[[ Material for this task open ]]

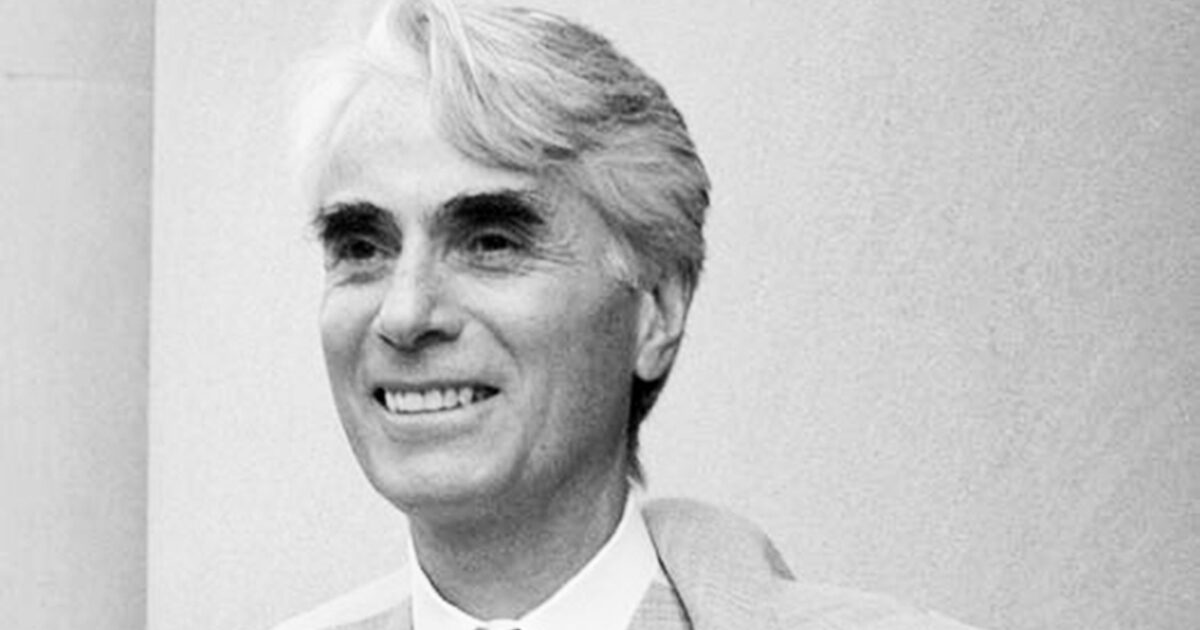 nozick state of nature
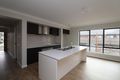 Property photo of 14 Peckham Avenue Wollert VIC 3750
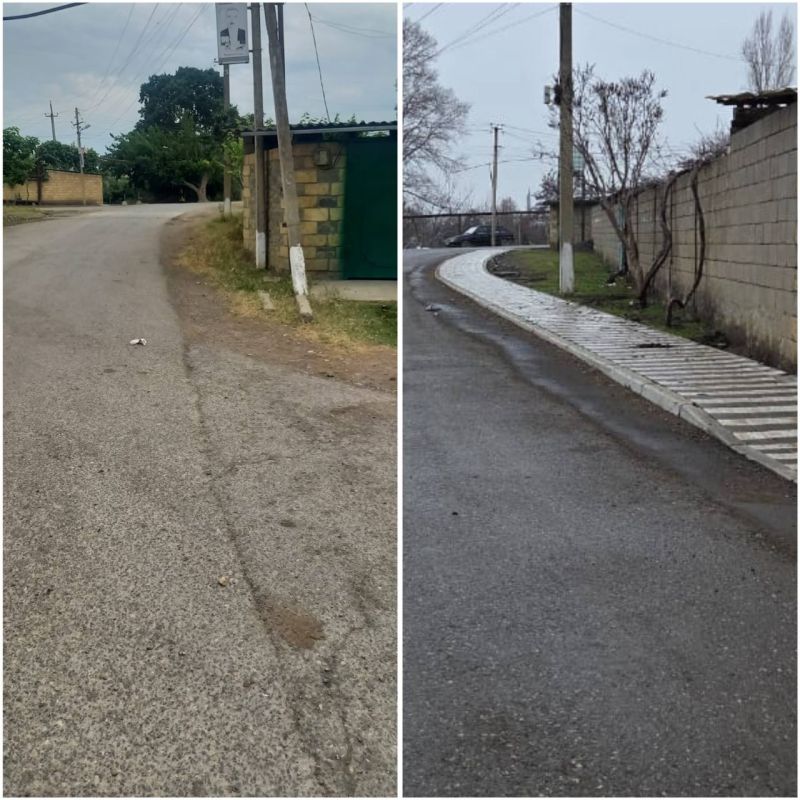 � ��������������� ������ ��������� ������� �������� ����������� ������������� �����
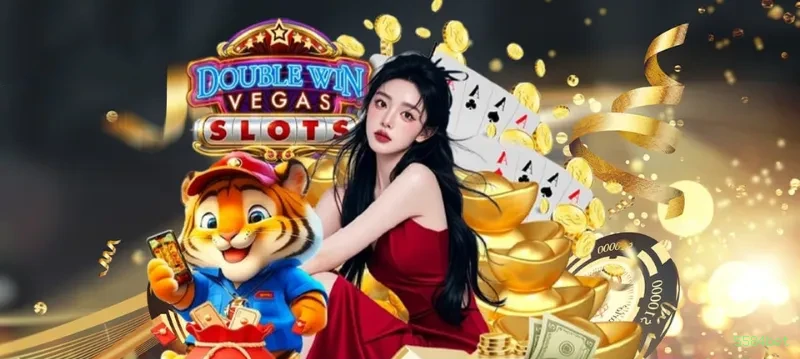 Aplicativo móvel 5584bet para iOS e Android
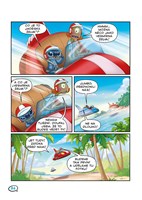 A101M0F0015555_stitch-muj-prvni-komiks-n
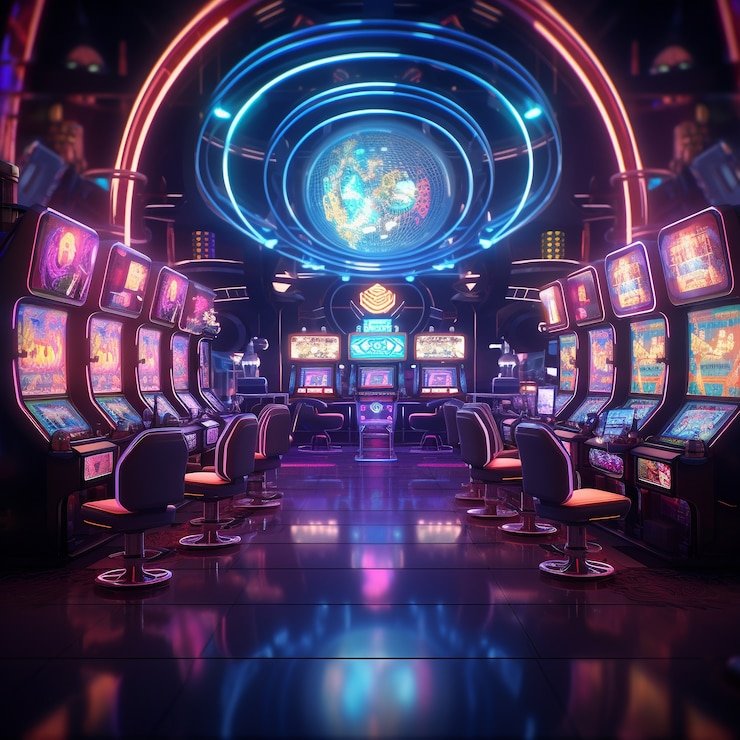 pt togel featured game showcase
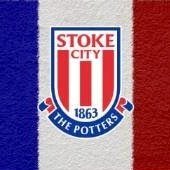 Compte francophone du club anglais de Stoke City. ➡️ Ici vous retrouverez des Infos,live-tweet,etc..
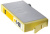 Картридж HP 920XL (CD974AE)  HPmarket.by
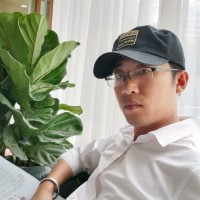 邓华翔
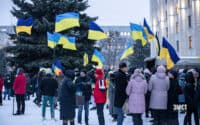 У Полтаві запустили телеграм-канал з оперативною та перевіреною інформацією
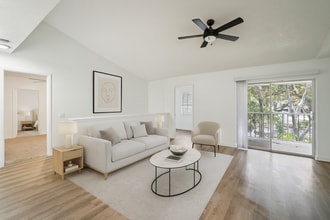 The Brady at Tampa Palms in Tampa, FL - Building Photo - Building Photo
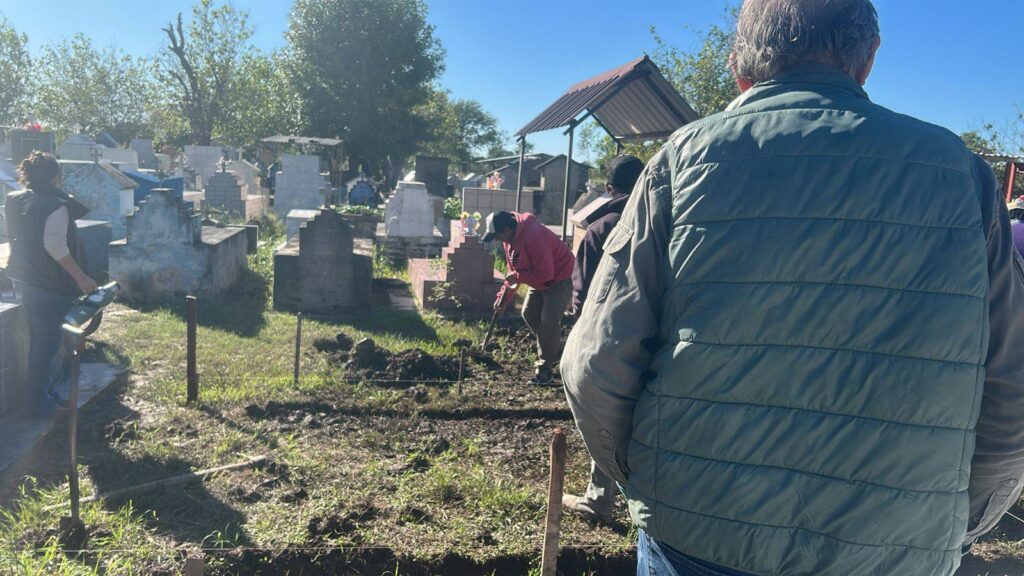 684832782_1272241625030397_718059360955698135_n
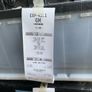 12v battery Image 2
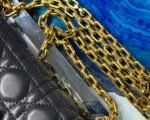 Dior Addict Chain bag - Image 6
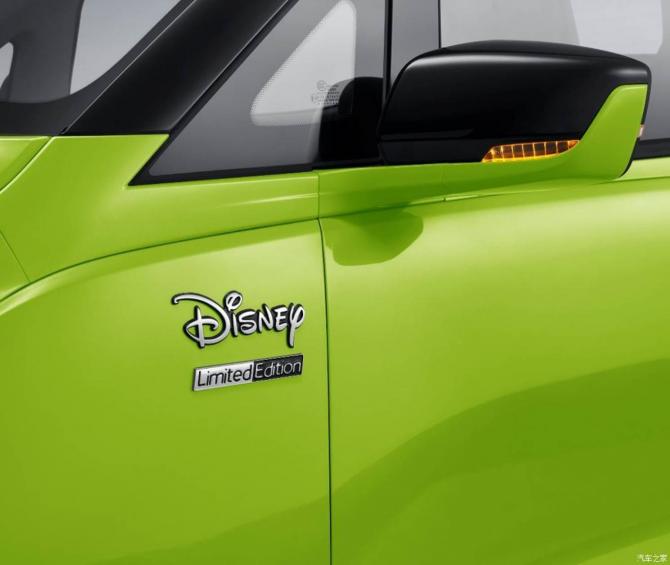 27084143efafb181350541.jpg image005.jpg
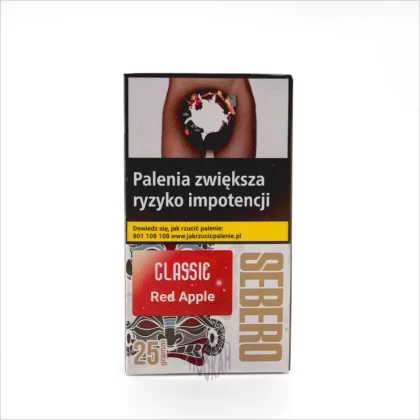Tyt Seb Rdap25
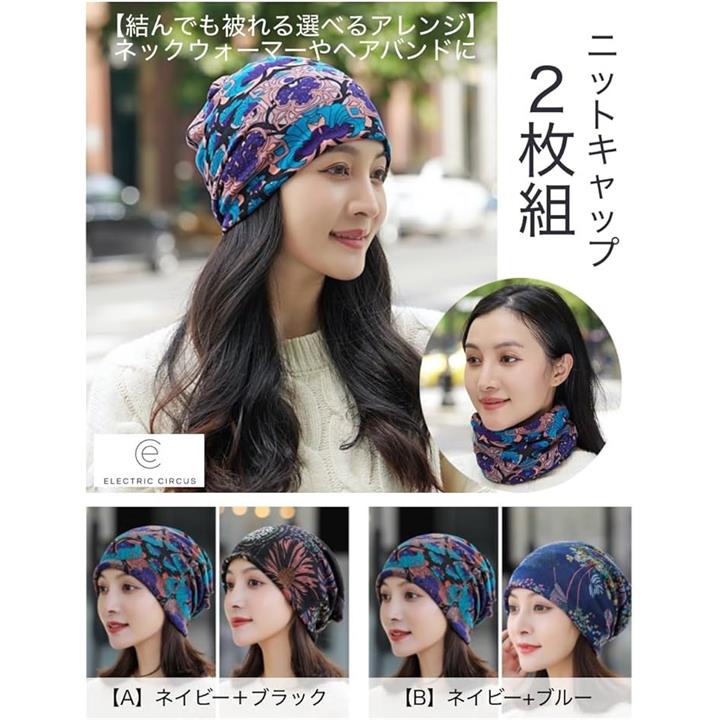 ffff800e8e9f804f806f807bd0fff029e034e131f191ffff8088a48884acffff000000000096102b0009ab0a006b0000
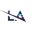 Laser Trader Limited logo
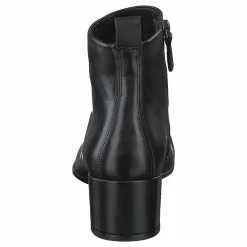 ECCO Shape 35 Mod Block Black Svart New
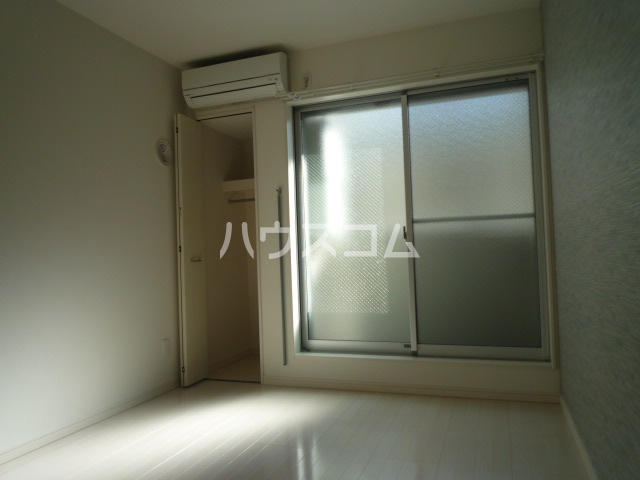 4/27 リビング/ダイニング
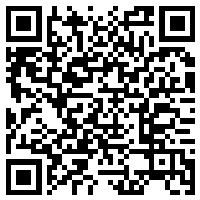 QR Code for bitcoin:bitcoin:bitcoin:bitcoin:34o28wXskqnaSWGoBFxPyjWPqaQz5PxvQ7
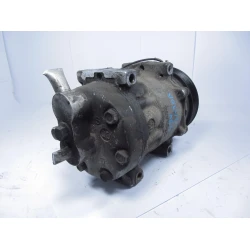 COMPRESSORE CLIMATIZZATORE Volvo S/V40 2003 1.9 TD 8200040681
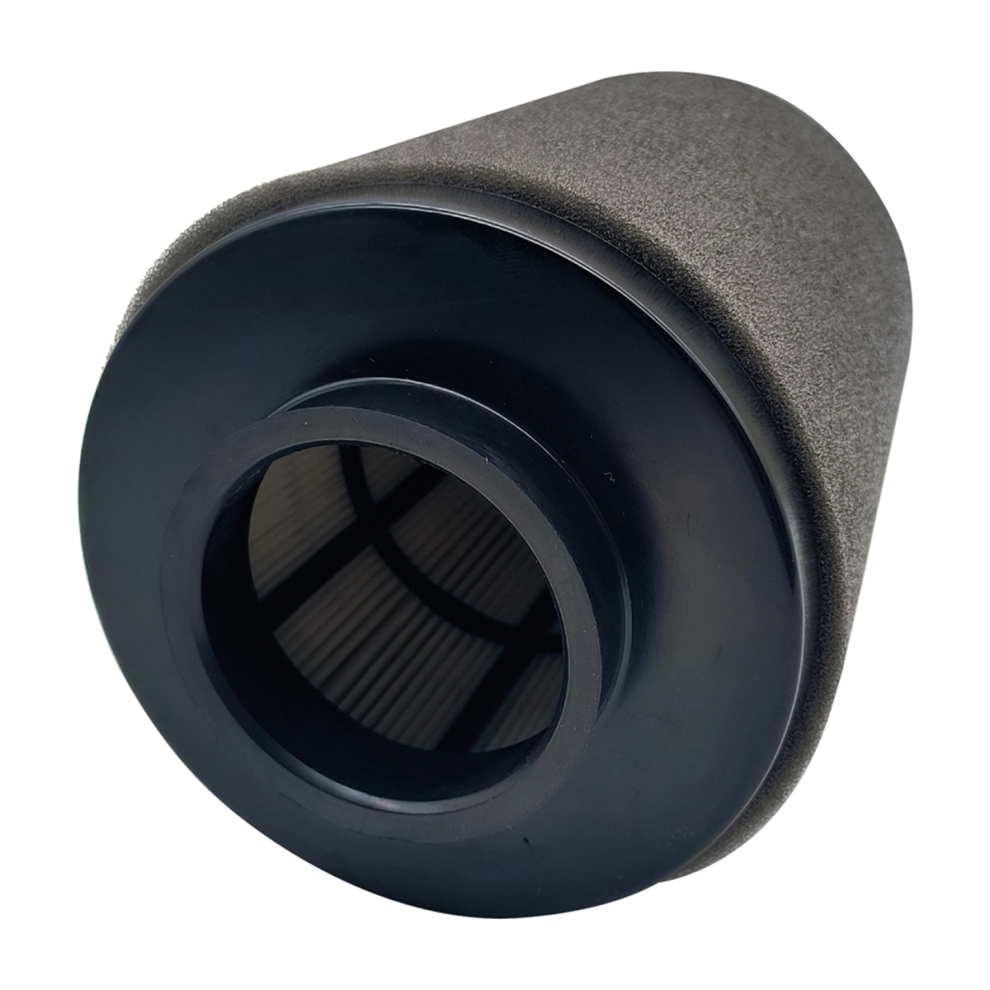 Air Filter Element Fit For 0800-112000-20010 Cforce 4711467014627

[[ Material for this task closed ]]

To do:
Each entry above should be printed again word for word, with any picture dropped.

Task response:
 nozick state of nature
 Property photo of 14 Peckham Avenue Wollert VIC 3750
 � ��������������� ������ ��������� ������� �������� ����������� ������������� �����
 Aplicativo móvel 5584bet para iOS e Android
 A101M0F0015555_stitch-muj-prvni-komiks-n
 pt togel featured game showcase
 Compte francophone du club anglais de Stoke City. ➡️ Ici vous retrouverez des Infos,live-tweet,etc..
 Картридж HP 920XL (CD974AE)  HPmarket.by
 邓华翔
 У Полтаві запустили телеграм-канал з оперативною та перевіреною інформацією
 The Brady at Tampa Palms in Tampa, FL - Building Photo - Building Photo
 684832782_1272241625030397_718059360955698135_n
 12v battery Image 2
 Dior Addict Chain bag - Image 6
 27084143efafb181350541.jpg image005.jpg
Tyt Seb Rdap25
 ffff800e8e9f804f806f807bd0fff029e034e131f191ffff8088a48884acffff000000000096102b0009ab0a006b0000
 Laser Trader Limited logo
 ECCO Shape 35 Mod Block Black Svart New
 4/27 リビング/ダイニング
 QR Code for bitcoin:bitcoin:bitcoin:bitcoin:34o28wXskqnaSWGoBFxPyjWPqaQz5PxvQ7
 COMPRESSORE CLIMATIZZATORE Volvo S/V40 2003 1.9 TD 8200040681
 Air Filter Element Fit For 0800-112000-20010 Cforce 4711467014627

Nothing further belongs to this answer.